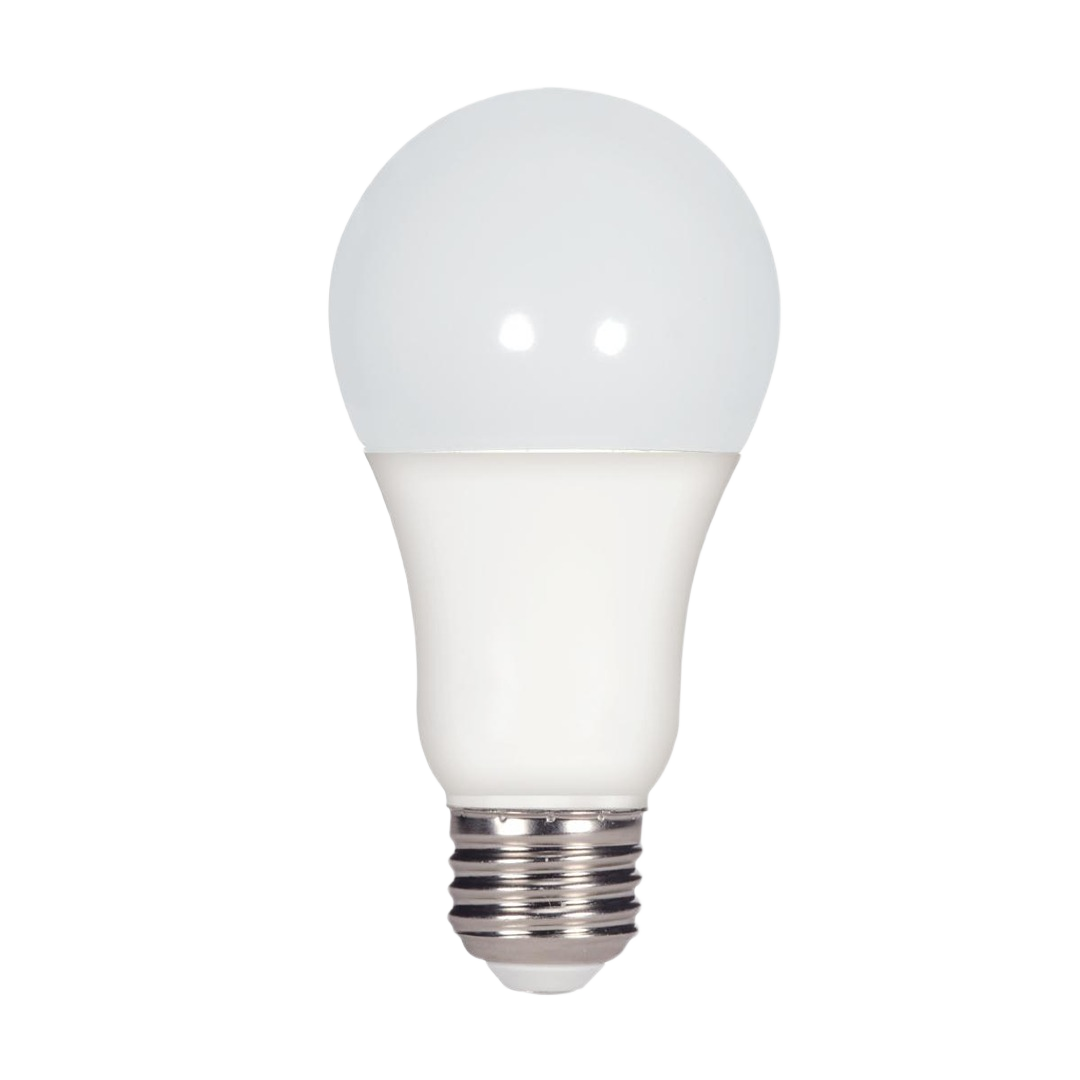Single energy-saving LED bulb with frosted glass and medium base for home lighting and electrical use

...

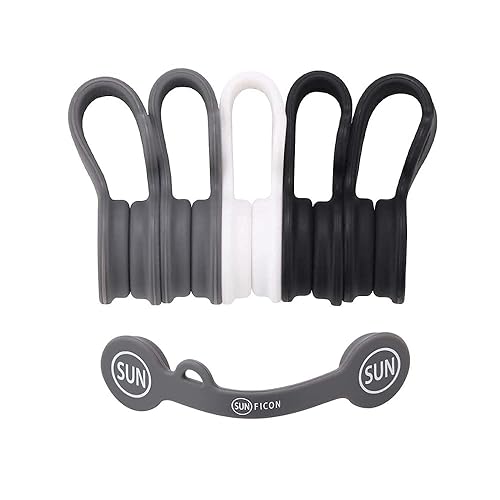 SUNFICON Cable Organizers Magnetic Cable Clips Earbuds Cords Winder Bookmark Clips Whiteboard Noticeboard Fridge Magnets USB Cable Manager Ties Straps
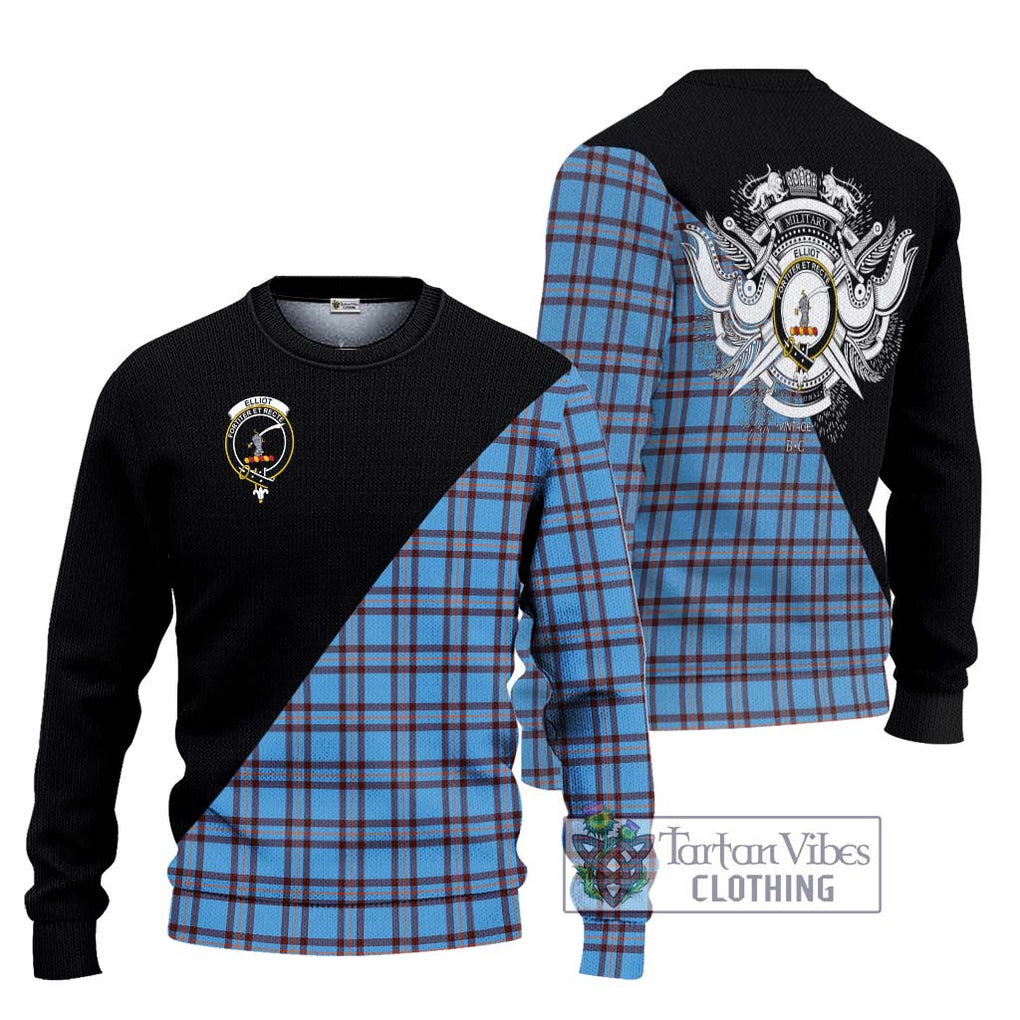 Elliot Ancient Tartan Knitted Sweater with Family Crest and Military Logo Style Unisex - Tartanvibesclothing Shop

* * *

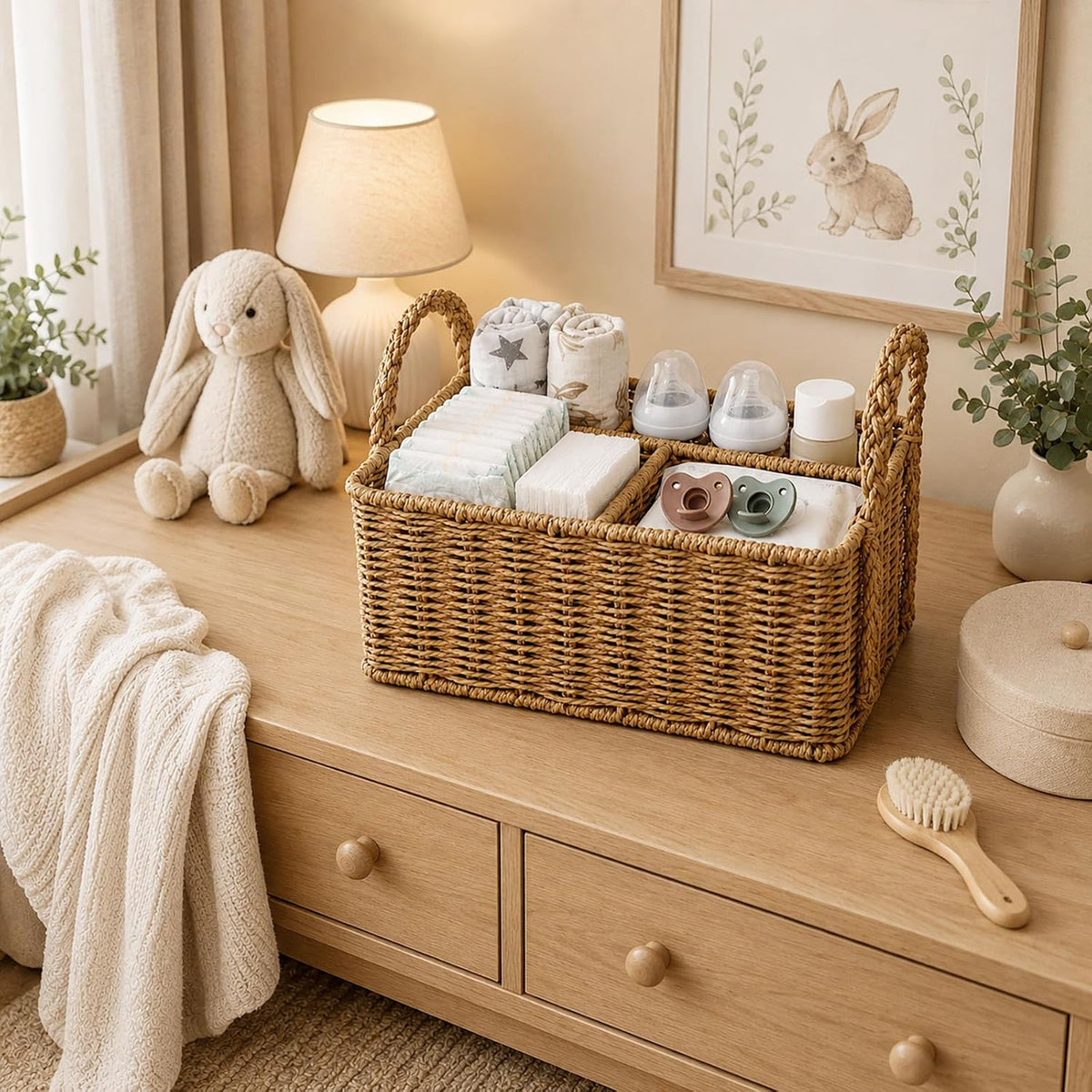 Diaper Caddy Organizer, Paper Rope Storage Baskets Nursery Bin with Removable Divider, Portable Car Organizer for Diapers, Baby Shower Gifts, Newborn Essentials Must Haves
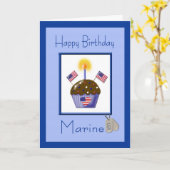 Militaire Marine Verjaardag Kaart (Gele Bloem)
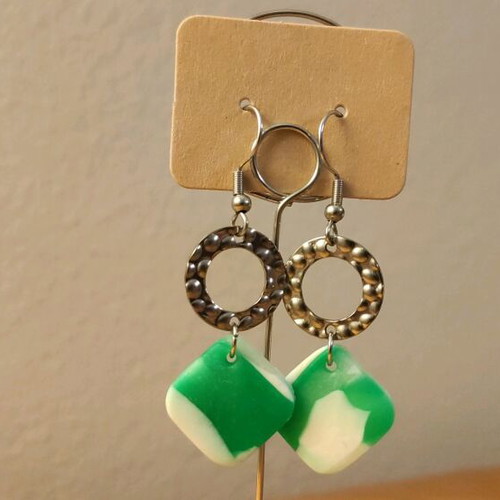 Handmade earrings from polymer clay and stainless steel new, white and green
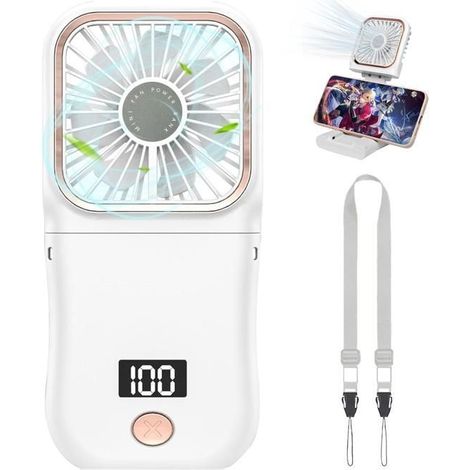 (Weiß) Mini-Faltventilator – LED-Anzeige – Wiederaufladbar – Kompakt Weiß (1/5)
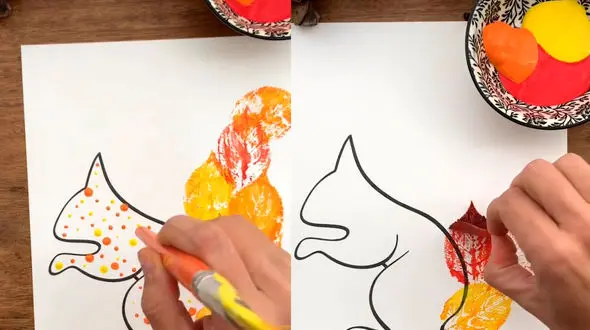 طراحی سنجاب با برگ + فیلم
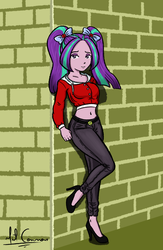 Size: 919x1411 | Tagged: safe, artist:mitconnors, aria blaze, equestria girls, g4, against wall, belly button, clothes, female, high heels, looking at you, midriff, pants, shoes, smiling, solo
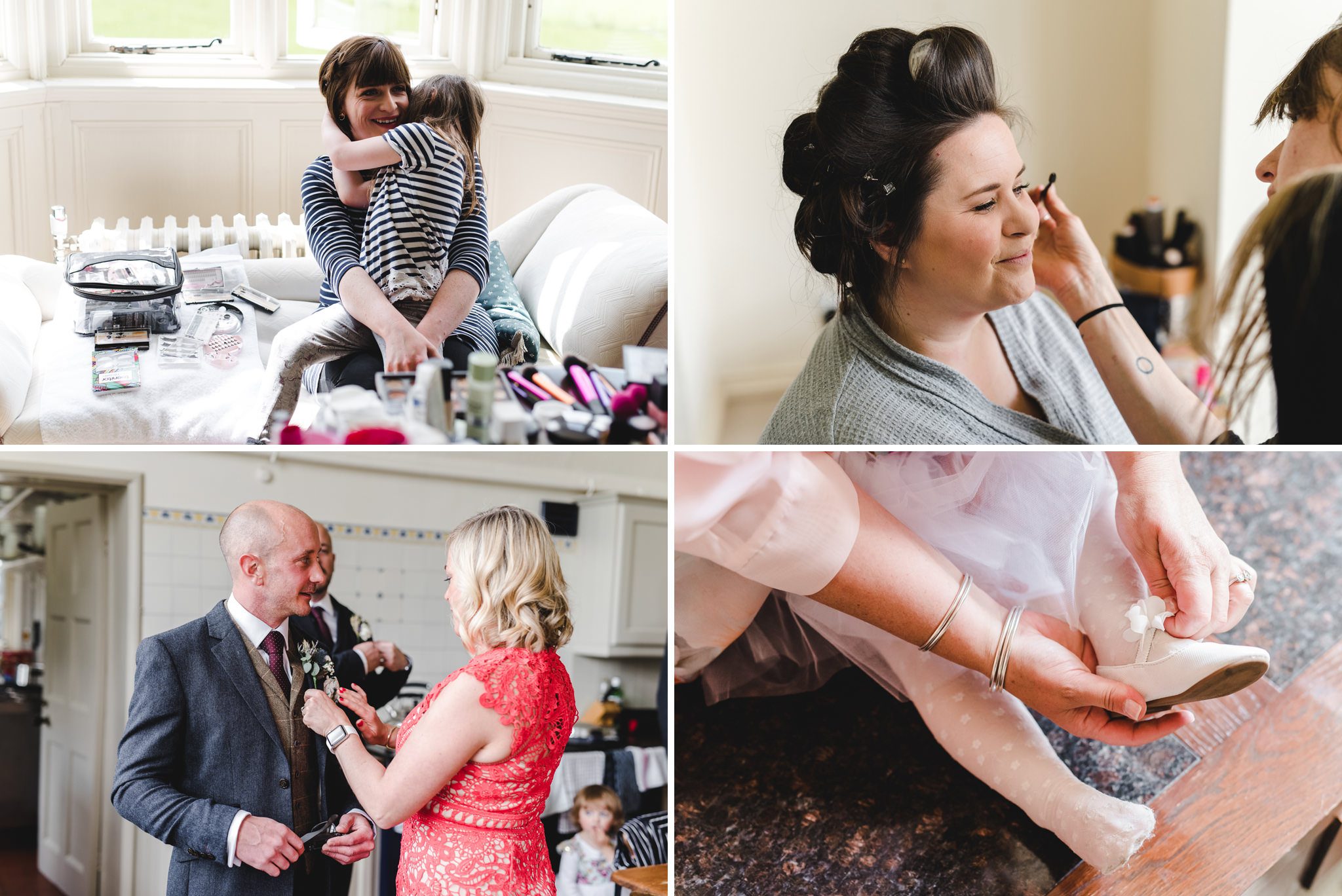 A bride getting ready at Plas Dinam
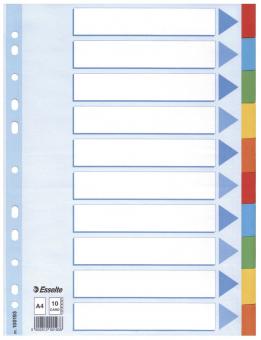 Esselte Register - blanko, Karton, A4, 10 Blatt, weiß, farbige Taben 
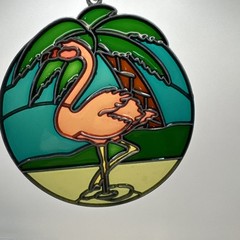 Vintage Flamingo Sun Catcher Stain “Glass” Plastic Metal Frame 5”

• Assignment: Reproduce the entries exactly, from the line with "Militaire Marine Verjaardag" to the line with "A bride getting ready at Plas Dinam", both lines included, keeping no pictures.

• Solution for this problem:
 Militaire Marine Verjaardag Kaart (Gele Bloem)
 Handmade earrings from polymer clay and stainless steel new, white and green
 (Weiß) Mini-Faltventilator – LED-Anzeige – Wiederaufladbar – Kompakt Weiß (1/5)
 طراحی سنجاب با برگ + فیلم
 Size: 919x1411 | Tagged: safe, artist:mitconnors, aria blaze, equestria girls, g4, against wall, belly button, clothes, female, high heels, looking at you, midriff, pants, shoes, smiling, solo
 A bride getting ready at Plas Dinam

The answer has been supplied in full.